Воздух украшая пыльный, капли висли в нем живые бусами морского камня; красно-пурпурные маки расцветали на одеждах воинов, на землю павших, – различимые приметы для Ёлю подслеповатой. Распалялся понемногу глаз ее, всегда голодный, сквозь зазоры меж щитами к ратникам манила стрелы, и у некоторых веки вечной дремою смыкались. Раненым Ёлю моргала, пальцем тыкала костлявым в тех, чьи раны были шире от тупых, объемных срезней, в тех, чьи раны были глубже от граненых узких копий. Ударяясь о железо, жала оперенной смерти высекали искр созвездья или вкрадчиво входили в плоть со словом заговорным и шаманскою отравой, убивающей мгновенно. Начались людей потери у врагов и у эленцев…
Перестрелка может длиться варку мяса. Может дольше. Но не день же, и помалу люди в бег переходили, исподволь стремясь друг к другу. К ряду ряд сдвигался ближе, к центру и немного вправо, потому что мощь десницы больше левой и вернее. Так ытык приподнимает кёрчэх к пышной середине и к себе упорно тянет круг за кругом, слой за слоем из глубин просторной мисы.

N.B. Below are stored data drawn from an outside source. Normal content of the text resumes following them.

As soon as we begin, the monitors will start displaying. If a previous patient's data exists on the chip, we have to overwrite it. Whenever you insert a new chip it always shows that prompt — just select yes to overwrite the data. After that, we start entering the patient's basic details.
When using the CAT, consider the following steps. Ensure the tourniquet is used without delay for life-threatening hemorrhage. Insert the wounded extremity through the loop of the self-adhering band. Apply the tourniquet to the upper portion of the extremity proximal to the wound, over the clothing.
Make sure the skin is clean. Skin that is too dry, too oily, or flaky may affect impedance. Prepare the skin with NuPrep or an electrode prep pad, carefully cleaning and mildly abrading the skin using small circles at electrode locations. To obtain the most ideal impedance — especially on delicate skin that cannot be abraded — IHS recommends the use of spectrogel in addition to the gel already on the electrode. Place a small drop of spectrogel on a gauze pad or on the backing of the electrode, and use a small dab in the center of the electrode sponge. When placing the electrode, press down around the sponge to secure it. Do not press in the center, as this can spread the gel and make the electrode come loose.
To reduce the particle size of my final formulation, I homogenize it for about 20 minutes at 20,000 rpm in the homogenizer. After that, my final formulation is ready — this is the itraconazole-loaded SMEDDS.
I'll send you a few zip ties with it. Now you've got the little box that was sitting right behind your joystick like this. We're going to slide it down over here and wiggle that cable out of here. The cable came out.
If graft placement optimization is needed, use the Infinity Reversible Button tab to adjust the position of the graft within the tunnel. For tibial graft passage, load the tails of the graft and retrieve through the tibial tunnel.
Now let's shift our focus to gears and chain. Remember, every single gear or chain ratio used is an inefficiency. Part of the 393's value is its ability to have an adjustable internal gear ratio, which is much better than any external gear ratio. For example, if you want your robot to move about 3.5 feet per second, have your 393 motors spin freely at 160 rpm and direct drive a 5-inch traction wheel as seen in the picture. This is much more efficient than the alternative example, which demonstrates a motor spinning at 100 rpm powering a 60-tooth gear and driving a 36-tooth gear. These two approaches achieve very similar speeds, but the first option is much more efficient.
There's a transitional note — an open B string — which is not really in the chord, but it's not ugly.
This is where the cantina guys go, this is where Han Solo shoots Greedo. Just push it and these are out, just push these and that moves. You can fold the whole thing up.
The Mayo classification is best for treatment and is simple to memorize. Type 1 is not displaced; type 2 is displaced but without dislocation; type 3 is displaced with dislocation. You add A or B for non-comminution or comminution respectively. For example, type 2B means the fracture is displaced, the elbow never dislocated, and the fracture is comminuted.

Ратоборцы наступали и щиты смыкали тесно, локтем к локтю прикасались, чувствуя в сплоченье силу, выдержку собратьев рядом и уверенную твердость в бой ведущих багалыков. Те: – Илин! – кричали громко, что «Вперед!» обозначает, увлекая всех навстречу недругу и ближней битве во главе колонн глубоких.
Подровнялись втулки копий в линиях рядов передних. Строй как вкопанный пред строем замер вдруг на расстоянье девяти ручных размахов… Вновь: «Илин!», и с криком громким, заглушившим бой табыков, стук сердец, что трепетали в ненависти и надежде, рать вперед помчалась храбро! Каждый бросился эленец на прорыв чужой шеренги, каждый норовил противник в ряд защитников вломиться…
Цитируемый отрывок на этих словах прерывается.